Dimon, who serves as CEO and chairman of the parent company, handed off his post at the unit to William C. Weldon, a JPMorgan board member and former head of Johnson & Johnson, said the person, who asked not to be named because details of the move weren’t announced. A regulatory document released yesterday listed Dimon as “chairman emeritus” of the subsidiary, which runs JPMorgan’s deposit and consumer banking operations.
JPMorgan has sought to bolster corporate governance and rebuild its relationship with watchdogs after probes by regulators and a Senate panel faulted the firm for withholding information from U.S. overseers during trading losses last year. Dimon handed off the chairman title at the unit after company attorneys recommended it for technical reasons, rather than because of pressure from regulators or investors, said the person, who’s familiar with the bank’s thinking.
Joe Evangelisti, a company spokesman, declined to comment. Dimon’s status as chairman emeritus at the unit was disclosed in JPMorgan’s annual “living will,” describing to regulators how the New York-based firm could be wound down in an emergency.
Dimon, 57, won shareholder backing in a May vote to keep his dual CEO and chairman titles at the parent company, defeating a push by investor advisory firms to split the roles in the wake of last year’s $6.2 billion trading loss. While the board endorsed his leadership during that fight, it cut his pay for 2012 in half after finding he had some responsibility for lapses that led to the trading losses.
Last month, the bank paid $920 million to settle U.S. and U.K. probes of the botched bets at its chief investment office in London. The company admitted violating securities laws in a settlement with the Securities and Exchange Commission.

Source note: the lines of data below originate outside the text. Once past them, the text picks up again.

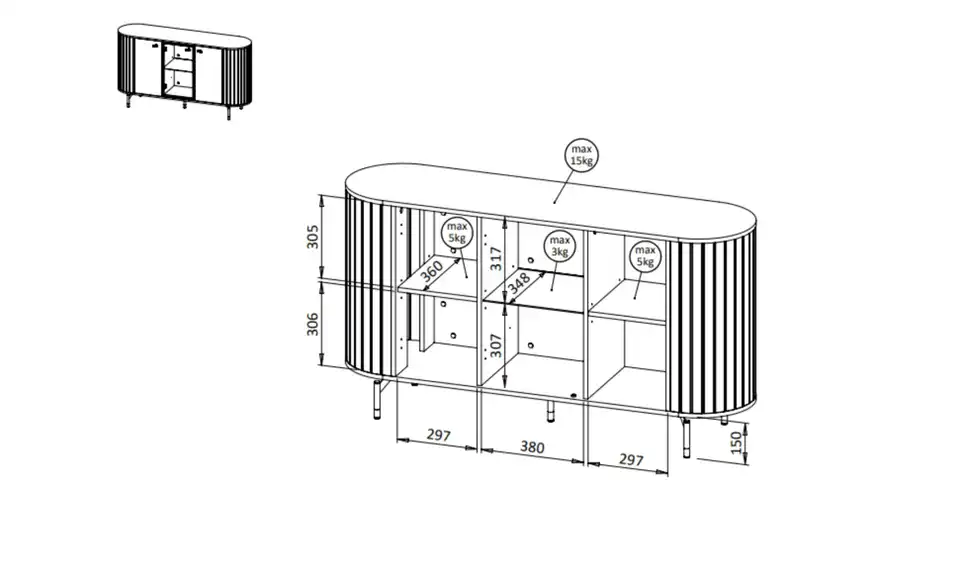 Sideboard Zante BHL 150|81|40 cm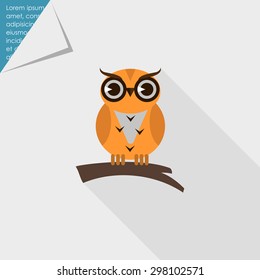 Icon of owl sitting on tree branch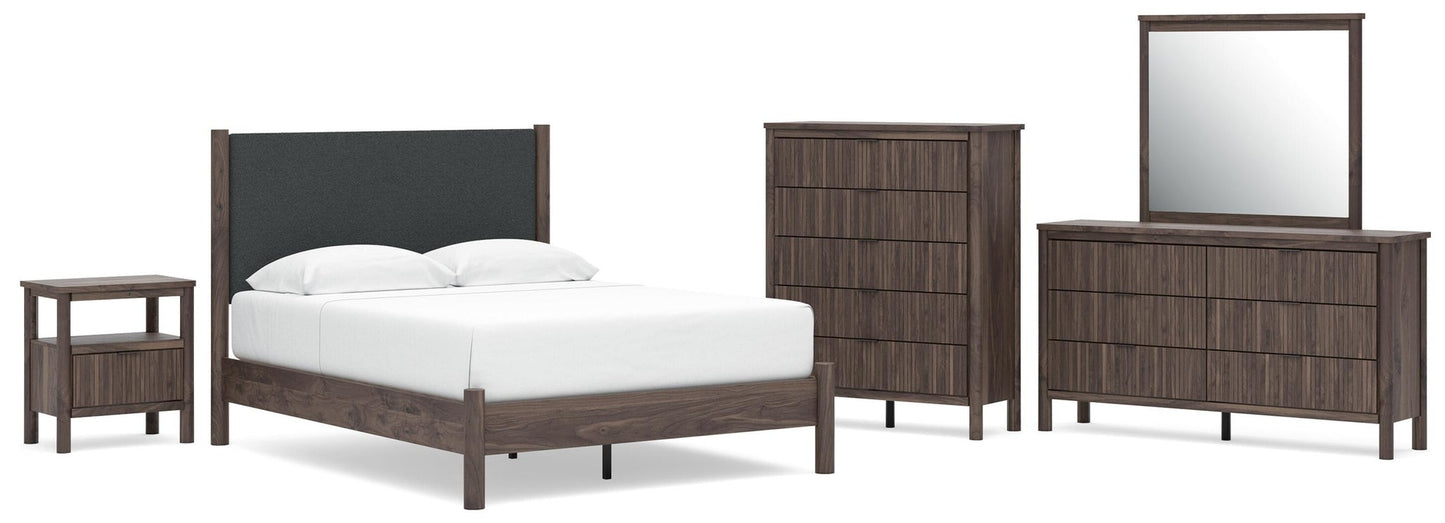 Cadmori  Upholstered Panel Platform Bed, Dresser, Mirror, Chest And Nightstand Signature Design by Ashley®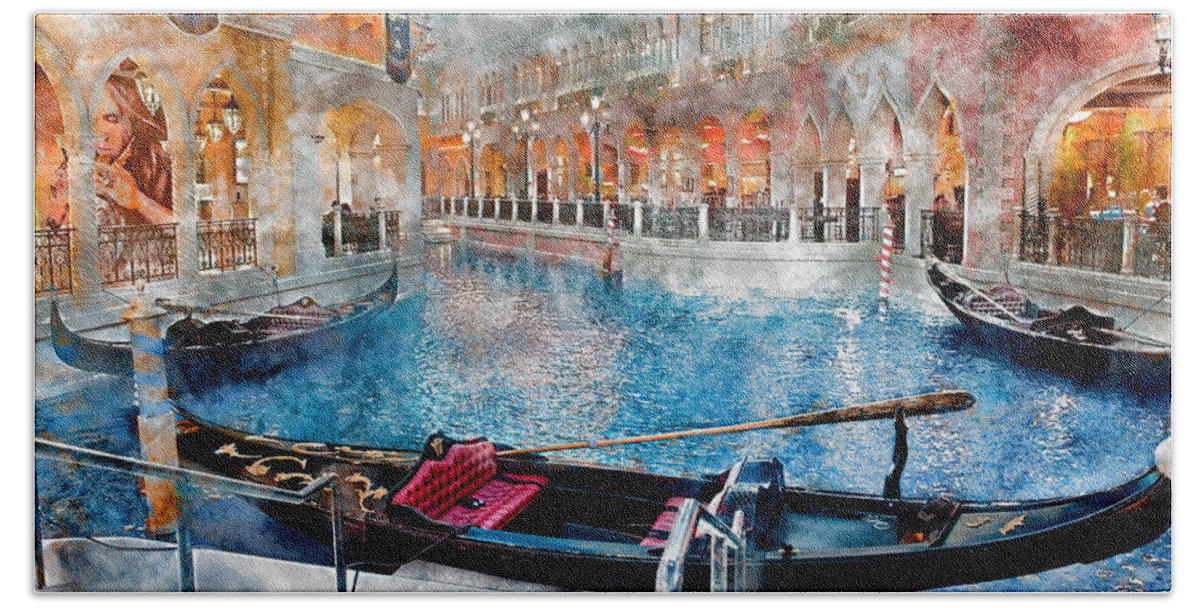 Venice Beach Towel featuring the mixed media Venice Italy Canal by Marvin Blaine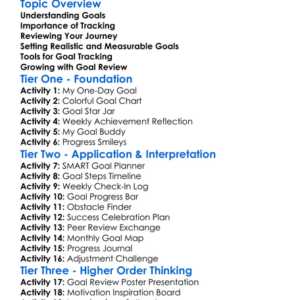 Goal Tracking And Review Worksheet Activity Booklet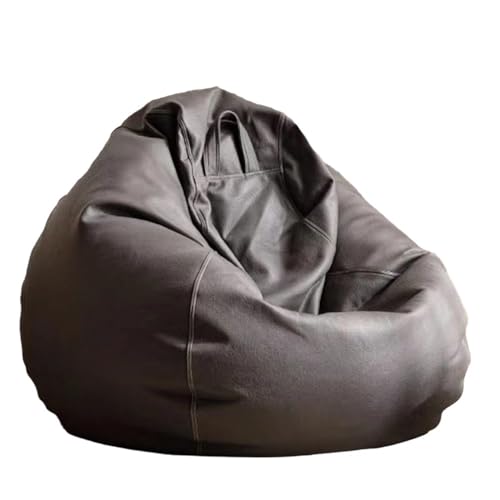 KBZSlyn Große PU-Leder-Lazy-Sofa-Hülle (ohne Füllung) wasserdichte PU-Faux-Leder-Bohnenkissen-Hülle Für Erwachsene Licht-luxuriöse Große Lazy-Sofa-Hülle Für Schlafzimmer, Wohnzimmer, Garten(Gray) von KBZSlyn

The bank unit, JPMorgan Chase Bank NA, had a rating of its management downgraded in July 2012 by the Office of the Comptroller of the Currency, according to a March report by the Senate Permanent Subcommittee on Investigations. The OCC cited “lax governance and oversight in the chief investment office,” according to the report.
Management effectiveness is one of six components in the firm’s so-called Camels rating, a confidential measure the OCC uses to monitor banks’ safety and soundness. The grading system, using a 1-to-5 scale, also tracks capital, asset quality, earnings, liquidity and sensitivity to market risk.
The March Senate report didn’t specify JPMorgan’s rating at the time. The management grade was lowered to 3 from 2, the Wall Street Journal reported that month, citing unidentified people familiar with the assessment. The newspaper reported on Dimon giving up the unit chairmanship yesterday.
The OCC is the primary regulator of the national bank while the Federal Reserve oversees the parent company.
JPMorgan increased spending on internal controls by about $1 billion this year and dedicated more than $750 million “to address several of our consent orders” with regulators, Dimon wrote in a memo to employees last month. At least 5,000 people at the company have been assigned to compliance, he said.
“We have re-prioritized our major projects and initiatives, deployed massive new resources and refocused critical managerial time on this effort,” he wrote at the time.